The best xmas tunes you’ve never heard

Featuring Wayne Coyne from the Flaming Lips, Joseph “Rev Run DMC” Simmons, Bob Dorough and more, Mitchell Kezin’s Jingle Bell Rocks explores underground and alternative Christmas music.

Mitchell Kezin searches for records  in Jingle Bell Rocks


For those of you who loathe the festive tunes played on a loop at every mall, retail outlet and radio this time of year, the idea of a film devoted to Christmas music won’t likely pique your interest. But Mitchell Kezin’s documentary Jingle Bell Rocks isn’t like other festive films.

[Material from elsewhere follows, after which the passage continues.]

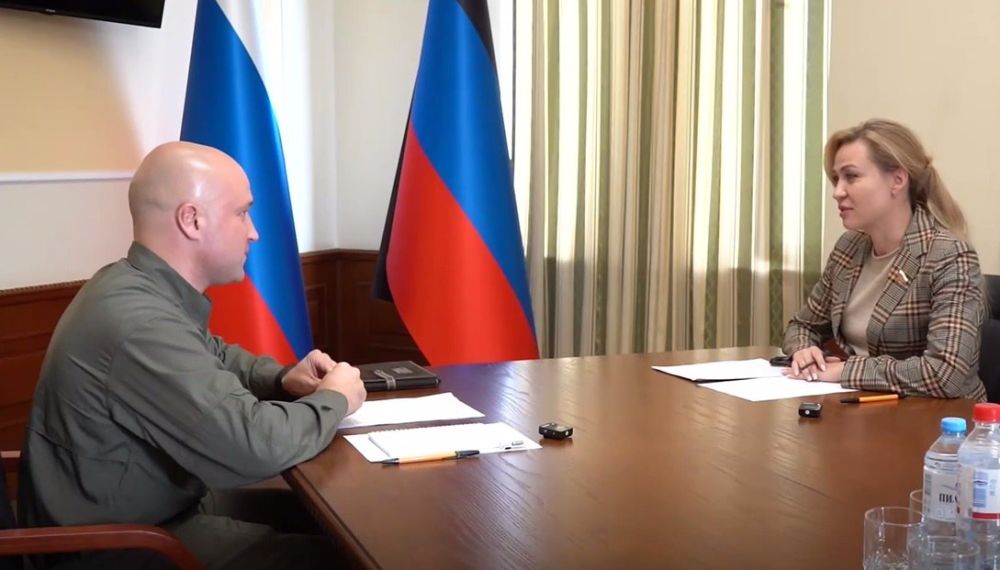 Сенатор Наталья Никонорова встретилась с министром транспорта Владимиром Тужилиным, обсудив развитие транспортной системы Республики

Kezin is not only a filmmaker, but a record collector, who focuses primarily on underground and alternative Christmas tunes — and he’s not the only one. In Jingle Bell Rocks, Kezin explains his borderline obsession with these songs and chats to artists, collectors and music legends as he explores some of his favourite finds.

Kezin with Bob Dorough
Kezin with Bob Dorough

Kezin got the idea to make the film from a desire to share these lesser known tunes with others — beyond the select few who receive his yearly Merry Mix compilation — and after receiving a record from a fellow collector, who’d photocopied an article from the now defunct Cool & Strange Music Magazine and placed it inside. “This particular article was about this handful of legendary Christmas collectors and it blew my mind,” says Kezin. “I had no idea that these guys were out there, that they existed. I really thought I was the only weirdo doing these compilations. I had no idea that there were other people or that there were legends within this subculture. This article talked about their collections, how vast they were, all the songs — it was literally a template for a documentary film. And I thought, that’s what I’m gonna do.”

The film, at first, was going to explore the songs solely from the perspective of the collector, but throughout the film’s development, this idea expanded. “It was going to be a much smaller movie,” says Kezin. “But once I started working on the script and really researching the songs I wanted to include, I thought, ‘Wait a minute — this doesn’t make any sense. I want to talk to the artists. I want to talk to the people who wrote and recorded these original songs.’ It made it a much more ambitious film. EyeSteelFilm were instrumental in helping me realize the movie in the way that it needed to be made.”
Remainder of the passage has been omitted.